There Is Hope for DC After 'Justice League'
Justice League may not have had a heroic weekend at the box office, but there's certainly a flash of inspiration in the film.
Despite its flaws, there's a growing consensus among fans that Ezra Miller’s The Flash is one of the true breakout stars from the film, and it's easy to see why. Barry Allen provides most of the film's comedic relief, belting out some of the best one-liners and facial expressions yet seen in a DC film.
Heat Vision breakdown
In other words, Miller's Flash is to DC what Tom Holland's Spider-Man is to Marvel.
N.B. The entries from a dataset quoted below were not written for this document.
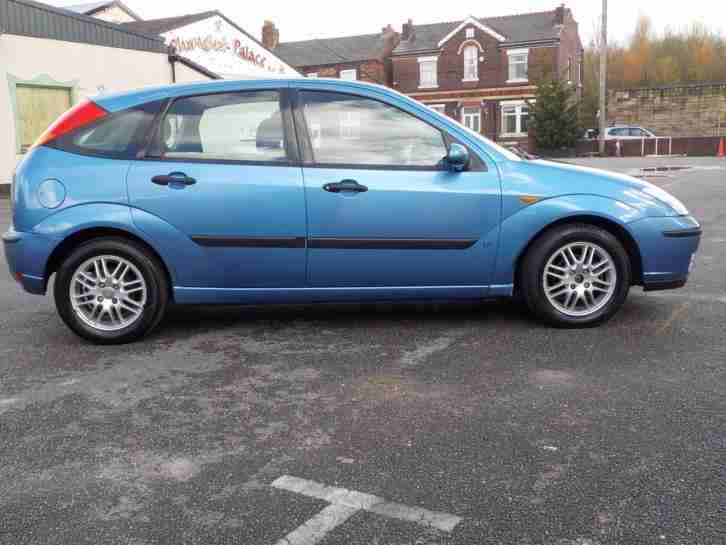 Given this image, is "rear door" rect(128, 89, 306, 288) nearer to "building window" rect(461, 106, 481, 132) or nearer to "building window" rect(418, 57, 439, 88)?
"building window" rect(461, 106, 481, 132)

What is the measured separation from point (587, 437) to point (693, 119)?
177ft

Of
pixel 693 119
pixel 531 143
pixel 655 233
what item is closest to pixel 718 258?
pixel 655 233

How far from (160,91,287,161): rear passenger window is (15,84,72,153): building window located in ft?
52.0

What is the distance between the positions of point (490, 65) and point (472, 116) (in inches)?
136

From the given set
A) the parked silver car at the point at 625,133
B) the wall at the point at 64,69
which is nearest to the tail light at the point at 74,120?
the wall at the point at 64,69

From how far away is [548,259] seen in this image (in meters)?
4.85

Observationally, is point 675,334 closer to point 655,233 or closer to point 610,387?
point 655,233

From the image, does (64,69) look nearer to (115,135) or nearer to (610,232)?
(115,135)

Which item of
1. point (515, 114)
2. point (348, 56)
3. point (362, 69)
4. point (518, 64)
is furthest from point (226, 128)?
point (348, 56)

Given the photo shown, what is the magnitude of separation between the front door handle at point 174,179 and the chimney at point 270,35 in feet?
176

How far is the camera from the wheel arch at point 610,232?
4875mm

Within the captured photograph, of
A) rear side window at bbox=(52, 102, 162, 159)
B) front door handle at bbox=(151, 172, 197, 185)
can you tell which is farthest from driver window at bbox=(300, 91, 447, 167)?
rear side window at bbox=(52, 102, 162, 159)

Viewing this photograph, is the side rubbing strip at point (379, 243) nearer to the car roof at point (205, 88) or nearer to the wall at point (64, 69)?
the car roof at point (205, 88)

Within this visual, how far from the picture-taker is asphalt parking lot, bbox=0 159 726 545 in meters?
2.50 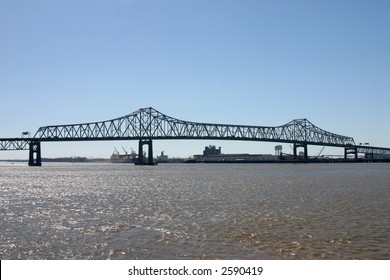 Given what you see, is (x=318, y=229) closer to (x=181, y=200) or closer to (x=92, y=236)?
(x=92, y=236)

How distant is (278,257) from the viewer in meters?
11.8

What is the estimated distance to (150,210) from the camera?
22.5 meters

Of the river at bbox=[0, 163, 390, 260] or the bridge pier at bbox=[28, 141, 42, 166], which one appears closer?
the river at bbox=[0, 163, 390, 260]

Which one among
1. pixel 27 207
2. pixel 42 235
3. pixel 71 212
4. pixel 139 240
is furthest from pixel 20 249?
pixel 27 207

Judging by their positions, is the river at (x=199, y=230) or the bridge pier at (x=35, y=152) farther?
the bridge pier at (x=35, y=152)

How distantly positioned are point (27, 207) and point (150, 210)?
7114mm

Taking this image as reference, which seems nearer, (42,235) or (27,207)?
(42,235)

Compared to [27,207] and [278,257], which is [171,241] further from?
[27,207]

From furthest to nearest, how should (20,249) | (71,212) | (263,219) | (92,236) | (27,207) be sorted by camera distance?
(27,207) < (71,212) < (263,219) < (92,236) < (20,249)

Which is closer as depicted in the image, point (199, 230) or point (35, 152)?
point (199, 230)

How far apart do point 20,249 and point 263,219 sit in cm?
978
Even as Justice League's poor opening weekend continues to leave a sting, should Warner Bros. and DC take comfort from the success of Marvel's Spider-Man: Homecoming? Spidey has already paved the way by breaking out of the ensemble film Captain America: Civil War and going on to anchor his own blockbuster. Why shouldn't The Flash do the same?
After all, The Flash brings the doe-eyed naivete and wonder that Holland brought to the MCU as Peter Parker when he first appeared in Civil War. They're both kids with remarkable abilities, but they're still in shock when billionaires with no super powers recruit them for a world-saving super hero team. Said billionaires also use sneaky methods to provoke the young heroes into proving their respective powers. Spidey and The Flash are awkward and sheepish around their idols, with Holland'’s Parker bringing up Empire Strikes Back while taking down Giant Man (Paul Rudd) and Miller's Allen droning on about his distaste for brunch when he first meets Bruce Wayne (Ben Affleck). These younger characters act the way any of us would if Iron Man (Robert Downey Jr.) gave us a new super suit, which makes them more relatable.
There's an authenticity that feels right for Miller's iteration of The Flash in a way that's similar to Ryan Reynolds' acclaimed take on Deadpool. No, The Flash isn't foul mouthed, but it does seem that the recent iterations of The Flash, Spider-Man and Deadpool just get what fans love about the characters.
No date for a Flash movie has been set, but Warner Bros. revealed over the summer that it would be titled Flashpoint — something that fans are already speculating could help reboot the DC universe and fix some of its lingering problems. The comic book storyline involves time travel, a classic way for a soft reboot that everything from J.J. Abrams' Star Trek to Fox's X-Men movies have employed.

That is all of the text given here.